## To do
Pick each line containing the word "break" out of the data below.
Exercise data START
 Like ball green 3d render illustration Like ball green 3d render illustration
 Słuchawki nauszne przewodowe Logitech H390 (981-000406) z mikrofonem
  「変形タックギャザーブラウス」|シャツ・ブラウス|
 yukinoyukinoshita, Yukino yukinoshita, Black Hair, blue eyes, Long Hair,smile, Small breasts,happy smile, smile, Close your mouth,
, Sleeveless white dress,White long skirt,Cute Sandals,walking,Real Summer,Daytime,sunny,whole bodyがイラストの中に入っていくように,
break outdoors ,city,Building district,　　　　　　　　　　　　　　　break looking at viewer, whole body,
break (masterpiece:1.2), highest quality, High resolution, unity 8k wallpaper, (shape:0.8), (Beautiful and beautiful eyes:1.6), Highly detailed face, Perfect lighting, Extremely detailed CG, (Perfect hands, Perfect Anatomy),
Exercise data END
Exercise data START
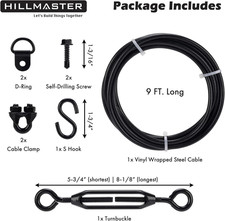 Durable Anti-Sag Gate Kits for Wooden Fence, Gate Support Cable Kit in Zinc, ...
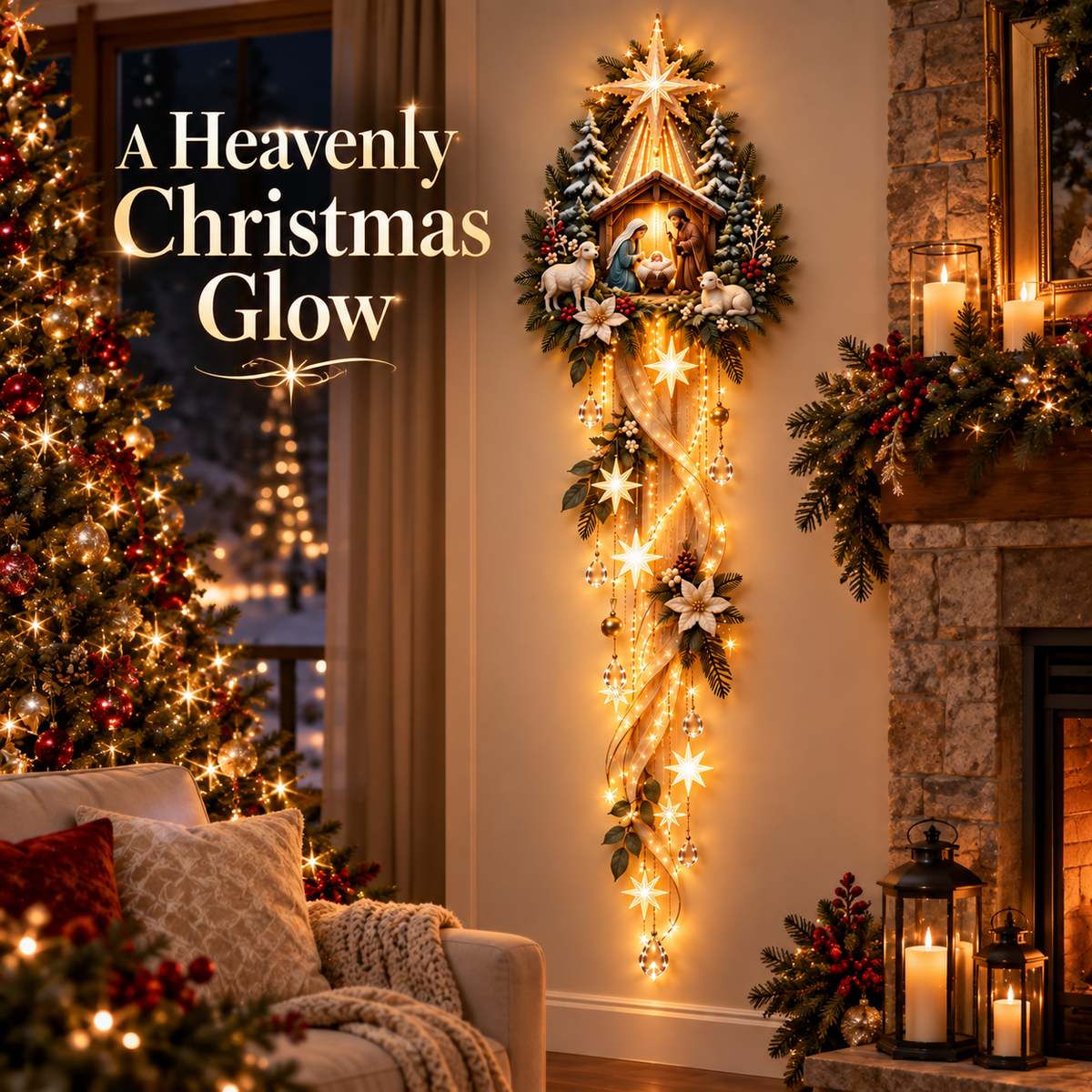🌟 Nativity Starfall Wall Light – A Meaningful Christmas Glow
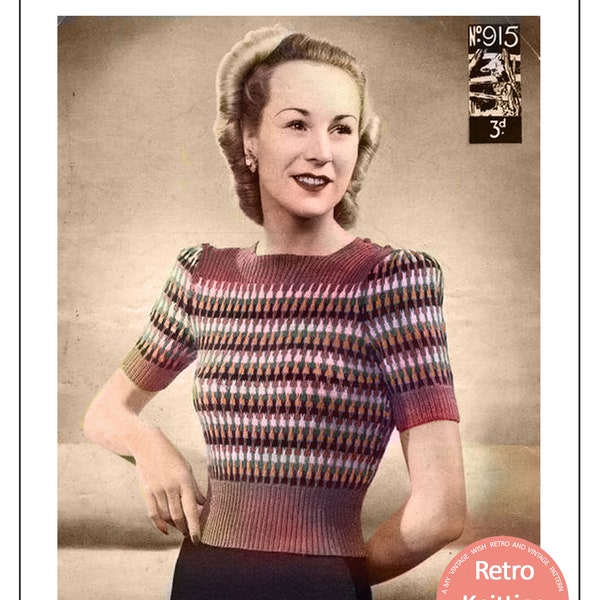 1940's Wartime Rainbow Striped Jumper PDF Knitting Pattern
Exercise data END
## Solution to the exercise
break outdoors ,city,Building district,　　　　　　　　　　　　　　　break looking at viewer, whole body,
break (masterpiece:1.2), highest quality, High resolution, unity 8k wallpaper, (shape:0.8), (Beautiful and beautiful eyes:1.6), Highly detailed face, Perfect lighting, Extremely detailed CG, (Perfect hands, Perfect Anatomy),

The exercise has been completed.